Open vs. Closed lows

Oct 10, 2006
Fort Worth, Texas
I often see references to open and closed lows. I assume that a "closed" low is one where the pressure gradients completely surround a low and that an "open" low is when a low exists in a trough? What is the significance of a low that is "open" vs "closed"?

Always trying to learn!

Greg Higgins
Dec 9, 2003
A "closed" low is what you likely think of as a low pressure system -- pressure (and height) contours "surround" the low. There really isn't such a thing as an "open" low, though. When a "closed" low opens up, we typically call it an "open" trough. In this case, the isobars do not make a closed loop. In this regard, the terms "open" and "closed" are actually a little redundant. Low pressure systems (and high pressure systems) are closed by definition, while troughs and ridges are open by nature. Of course, lows can have associated troughs too -- e.g., cold fronts associated with a low are troughs.

At the surface, when pressures fall, there's almost always a low nearby associated with the pressure falls (diurnal pressure changes associated with "daytime heating" aside). In other words, we don't usually see a bunch of troughs moving around at the surface (other than those associated with fronts). Aloft, however, the flow tends to be progressively less curved, which means that we tend to see much more in the way of troughs and ridges vs. lows and highs. The terms "open" and "closed" are used most often in reference to mid- and upper-level systems.
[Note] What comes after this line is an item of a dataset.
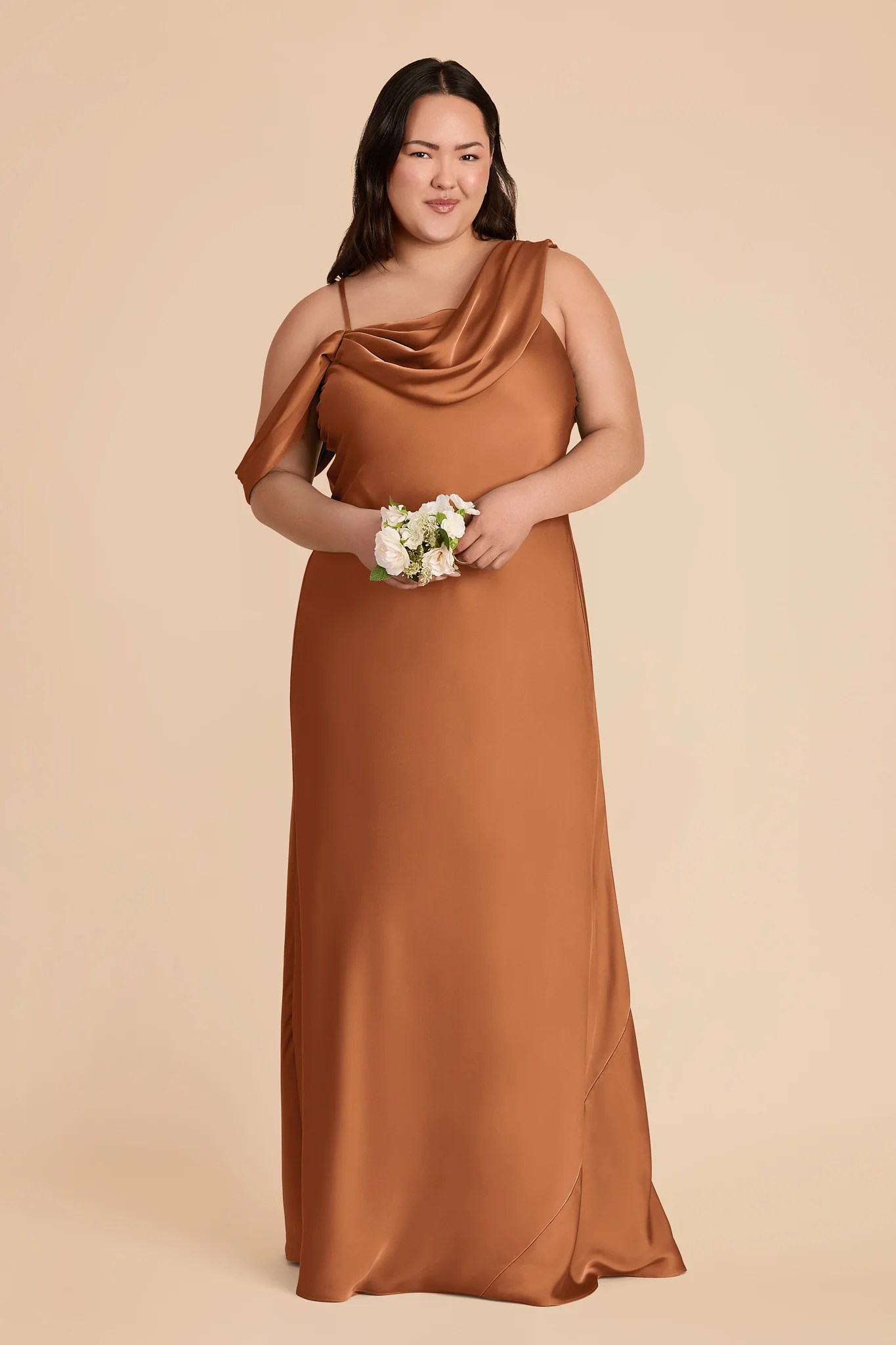 Freya Matte Satin Dress - Rust - Image 2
For example, you may read "the trough deepens tomorrow and cut-offs Saturday evening over Arizona"... In the NH, flow to the north can "pinch off" a high-amplitude trough to yield a "cut-off" or "closed" low. In many cases, such lows tend to more relatively slowly, and some can stay "anchored" in a single place for a week or more. Eventually, such lows usually "open" into a trough and move out of the area.